What of Uber drivers themselves? These are the poster people for the gig-economy, “entrepreneurs”—which is to say freelancers—who use their own cars to ferry people around. “Obviously the self-driving car thing is freaking people out a little bit,” an Uber driver in Pittsburgh named Ryan told a website called TechRepublic. And, he went on, he learned about Uber’s plans from the media, not from the company. “If it’s a negative thing, they let you find out for yourself.” As media critic Douglas Rushkoff has written, “Uber’s drivers are the R&D for Uber’s driverless future. They are spending their labor and capital investments (cars) on their own future unemployment.”
All economies have winners and losers. It does not take a sophisticated algorithm to figure out that the winners in the decades ahead are going to be those who own the robots, for they will have vanquished labor with their capital. In the case of autonomous vehicles, a few companies are now poised to control a necessary public good, the transportation of people to and from work, school, shopping, recreation, and other vital activities.

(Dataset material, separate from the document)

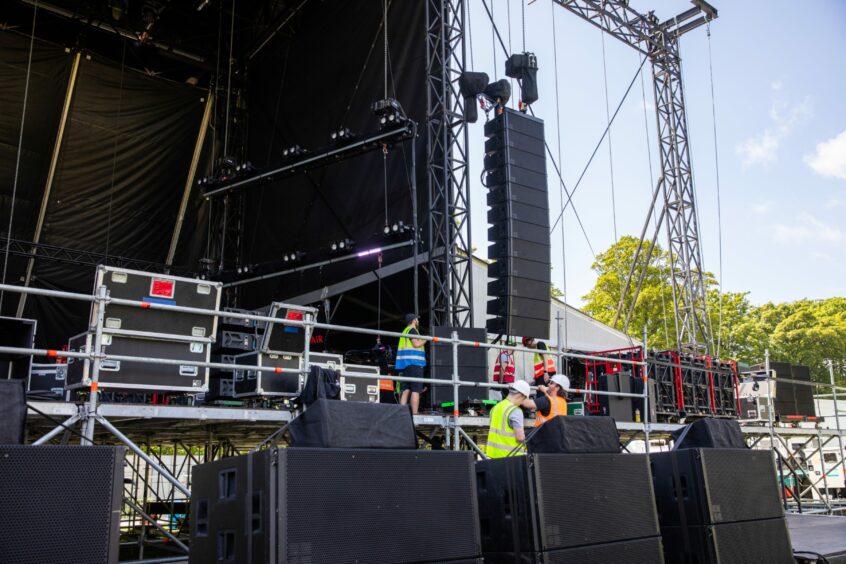 Workers setting up the Future Sounds stage for the Radio 1 festival.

This salient fact is often lost in the almost unanimously positive reception of the coming “mobility revolution,” as Bill Ford calls it.
Also lost is this: the most optimistic estimates of the safety and environmental benefits of the transition to fleet-owned autonomous vehicles, and the ones often used to tout it, are based on models derived from cities with high-capacity public transit systems. Obviously there are many cities without such systems. Where they exist, according to the Boston Consulting Group, it would take only two passengers sharing an autonomous taxi to make the per-passenger cost comparable to that of mass transit. Perhaps not surprisingly, lawmakers in this country are now using the autonomous vehicle future laid out by companies like Uber and Google to block investment in mass transit.
But why take a train or a bus to a central location on a fixed schedule when you can take a car, at will, to the exact place you want to go? One can imagine Google offering rides for free as long as passengers are willing to “share” the details of where they are going, what they are buying, who they are with, and which products their eyes are drawn to on the ubiquitous (but targeted!) ads that are playing in the car’s cabin. Like websites that won’t load if you block ads or disallow cookies, or like Gmail, which does not allow users to opt out of having their mail read by the company’s automated scanners, one can also imagine feeling as if one had no choice: give up your data or take a hike.
Lipson and Kurman worry that the software driving driverless cars, like all software, will be ripe for hacking and sabotage. While this is not a concern to be taken lightly, especially after a pair of hacker/researchers were able to take remote control of a Jeep Cherokee speeding down the highway last year, this is an engineering problem, with an engineering solution. (To be clear: the hack was an experiment.) More worrisome is the authors’ suggestion that autonomous vehicles, with their high-definition cameras and sensors, could “morph into ubiquitous robotic spies,” sending information to intelligence agencies and law enforcement departments, among others, about people inside and outside the car, tracking anyone, anywhere. Welcome to utopia, where cars are autonomous, but their passengers not so much.